Analysis of the current build system
In our build system inter-directory dependencies are "module" and "directory" dependencies in the build.lst files. Each module has a build.lst file that lists all other modules that need to be built before this one. It also defines dependencies between the directories inside of the module.
Our central build tool is a Perl script called build.pl that can be used in two ways (all other usage variants of build.pl are workarounds that we use to overcome its shortcomings). It is able to build a single module (evaluating only the in-module directory part of the build.lst file of that module) or it can build a module as well as all module it depends on. In the first variant the build of course will work only if all of these "prerequisite" modules have been built before.
In the second variant all build.lst files of the found module prerequisites are evaluated also. Using all these build.lst files, build.pl calculates a module and directory dependency graph and performs a post-order traversal on it. This is better than the "classical" approach to hard code the order by invoking make sub processes. The module dependency graph is loop free and it allows for some dynamics and doesn't require rewriting of a hard coded order in case of changes. Header dependencies in our build system can even pass module boundaries so that in case of a correct module build order a stable build is doable – at least in theory.

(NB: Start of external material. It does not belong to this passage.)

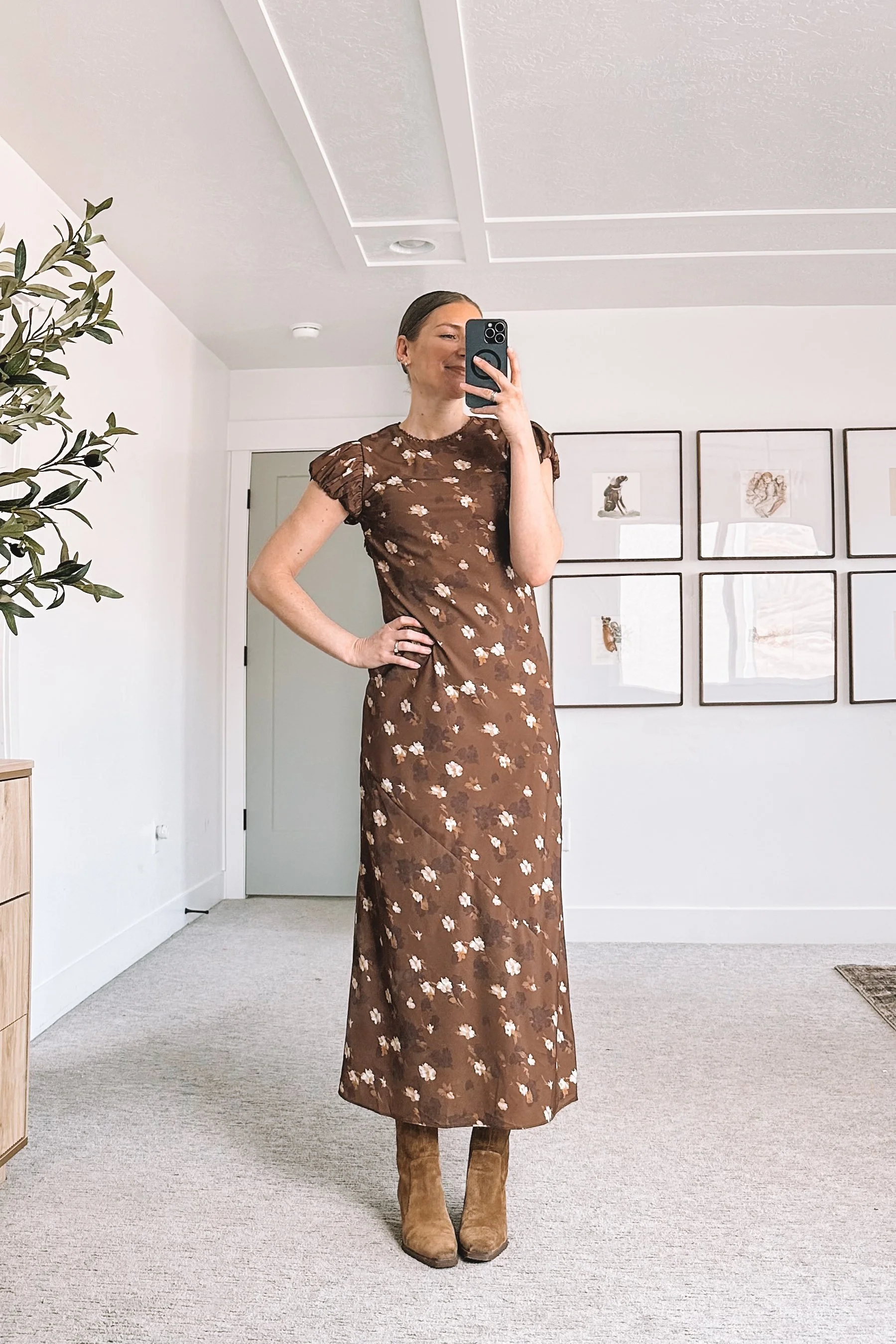 brown floral dress puff sleeve detail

In classical makefiles dependencies are bound to prerequisites and are declared next to the rules. In our build system the prerequisites are the modules and this makes building the "real" prerequisites (libraries, generated headers etc.) a side effect of the formal prerequisites. So the build system can't check if needed prerequisites are there, it relies on the developers ability to guide it through the directory hierarchy. In short words: side effects are not conductive to stability. Everybody who writes code knows this. And makefiles are code also.

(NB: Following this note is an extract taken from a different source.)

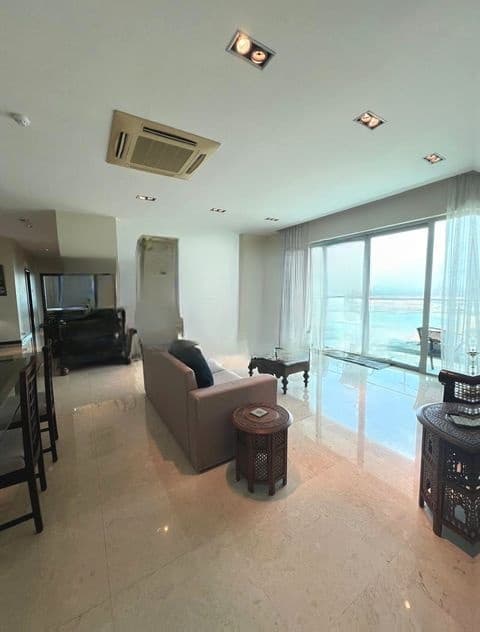 Panoramic City and Sea View Apartment for Sale - 03/04 Bed, Colombo 03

Consider the following module dependencies of external modules:
The module "lucene" has a dependency on the module "expat". If the developer had forgotten to specify this dependency in the "lucene" module's build.lst file, a full build would break only if it tried to build lucene before "neon" or "openssl". These modules depend on "expat" also and so would trigger a build of "expat". If that happened before the build would proceed to "lucene", the build would have delivered the desired prerequisites, the libraries and headers from expat, as a side effect. So it wouldn't break. But the build order of modules without a dependency between them is undefined, so it's just by chance if the build breaks or not. This problem exists for all the >200 modules in our build system. As the declaration of dependencies is not done in the same file as the declaration of the build rules, the system is more prone to inconsistent specifications than a system where both are declared in the same file and at the same place.

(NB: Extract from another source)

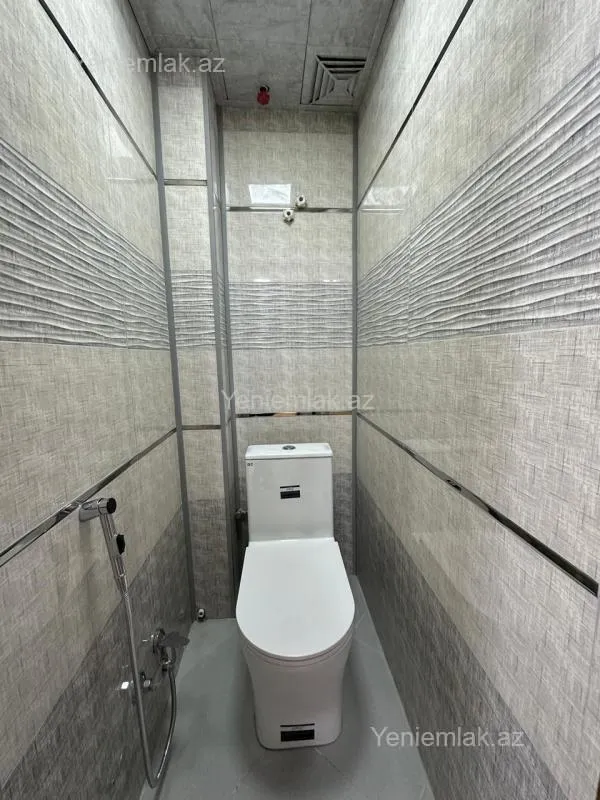 Satılır 4 otaqlı köhnə tikili 102 m²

All in all it is practically impossible to find out if the specified dependencies are sufficient to provide all the necessary prerequisites for the targets in a particular module. The only way to check that is trying, but as it has been shown in the example, even a successful build is not a proof for complete dependencies. A necessary prerequisite might have been built as a side effect of the particular build order or because other targets, that have been built in a parallel process, had a dependency on the module delivering this prerequisite.
Back to the "classical" makefile syntax. Simply put it consists of the basic elements targets, prerequisite, build rules.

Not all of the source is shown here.